[sword-devel] Question for Optimization / speed experts
Christian Renz
sword-devel@crosswire.org
Mon, 6 Jan 2003 19:18:24 -0300
>BibleTime supports displaying different lexicons side by side, it offers only
>the keys which are available in all of the chosen lexicons.
Some ideas for this:
- You don't have to build the whole list at once. Build e.g. a list of
20 or 30 items, then calculate more as the user scrolls up/down. You
might even calculate the list using an idle thread.
- Personally, I would find a list of *all* keys more desirable (that
is, list any key that is found in any of the chosen lexicons). I
took a look at Bibleworks when visiting my brother (he is teaching
OT) and noticed it has a feature where instead of having a window
per dictionary, you have one window displaying the definitions in a
list of selected dictionaries, like this:
x Dictionaries -----------*
| Yaddayadda |
| ... |
| |
| BDB |
| ... |
| |
| Websters |
| ... |
| |
* ------------------------*
It is a nice feature I would like to see in sword as well.
- Your algorithm is O(m * n), which explains the runtime. The
algorithm proposed by Glen looks good, especially as it runs in
linear time (ie, looks at each entry exactly once). However, it can
still be optimized: If an element is > the currently active item,
you use that one to continue your search. Also, you can step the
marker more often. I implemented the algorithm in perl (just for
fun), but tried to not use perl-specific optimizations.

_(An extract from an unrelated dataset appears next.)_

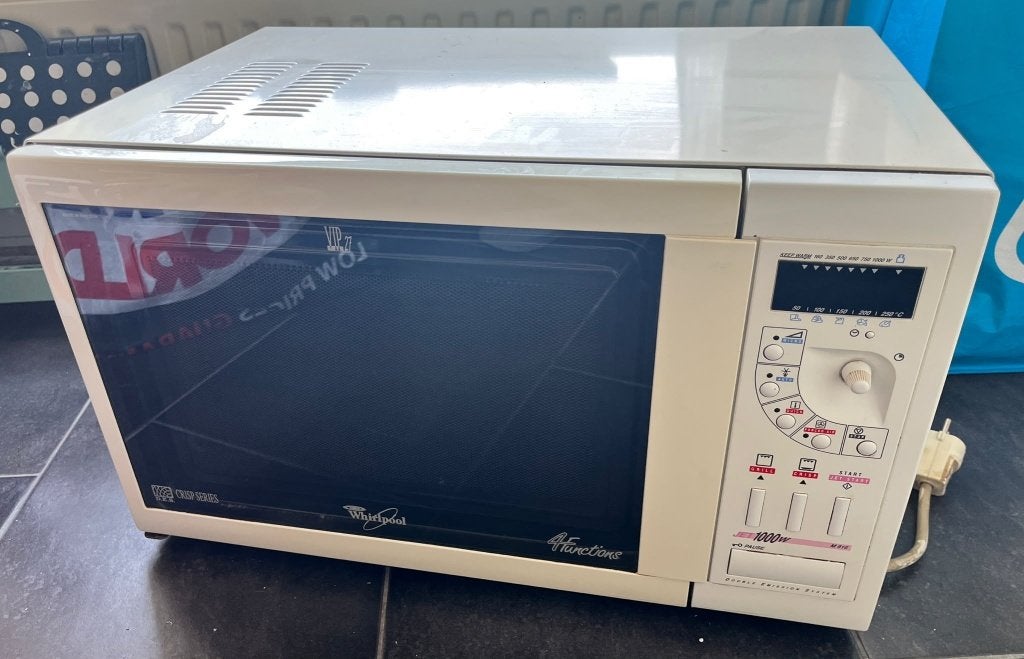 GIVE AWAY FOR FREE! Microwave - magnetron Whirlpool, Ophalen, Gebruikt, Magnetron, Crisp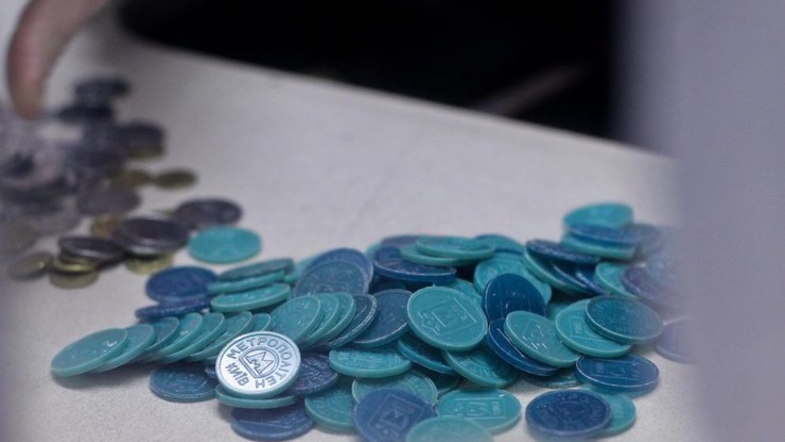 В киевское метро мужчина принес на обмен 2300 старых жетонов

I put some
code into subroutines so the main algorithm reads better.
--------------- 8< --------------- 8< ---------------
# Calculate intersection of sets. 20030106 crenz@web42.com
use strict;
use warnings;
my @sets =
([ 0, 1, 2, 3, 7, 8, 9, 10, 11, 12, 13, 14, 15, ],
[ 0, 3, 7, 8, 10, 11, 13, 14, 16, ],
[ 0, 1, 2, 3, 5, 7, 8, 10, 11, 12, 13, 14, 16, ],
[ 2, 3, 4, 6, 7, 8, 10, 11, 12, 14, 16, ],
[ 0, 1, 2, 3, 7, 8, 9, 10, 11, 13, 14, 15, ]);
my $numSets = scalar @sets; # $numsets = 5;
my @intersection = ();
my $currentSet = 0;
my @marker = (0, 0, 0, 0, 0);
my $currentItem;
# helper functions
sub stepMarker {
$marker[$currentSet]++;
if ($marker[$currentSet] >= scalar @{$sets[$currentSet]}) {
# we are at the end of the current set
# => abort, there cannot be any more common items
last MAIN;
}
}
sub nextSet {
$currentSet++;
$currentSet %= $numSets;
}
sub getCurrentItem {
return $sets[$currentSet]->[$marker[$currentSet]];
}
# main intersection algorithm
my $activeItem = getCurrentItem;
my $isPresent = 1;
MAIN: while (1) {
stepMarker();
nextSet;
while (($currentItem = getCurrentItem()) < $activeItem) {
stepMarker();
}
if ($currentItem > $activeItem) {
$activeItem = $currentItem;
$isPresent = 1;
} else {
$isPresent++;
if ($isPresent == $numSets) {
# item has been found present in all sets
push @intersection, $activeItem;
stepMarker();
$activeItem = getCurrentItem;
$isPresent = 1;
}
}
}
print "Common items in the $numSets sets: @intersection\n";
--------------- 8< --------------- 8< ---------------
If you want to combine all items present in any list, you could use
Mergesort. It's only O(n * log n) for two lists.
Greetings,
Christian
--
crenz@web42.com - http://www.web42.com/crenz/ - http://www.web42.com/
"Few are those who can see with their own eyes and hear with their own
hearts." -- Albert Einstein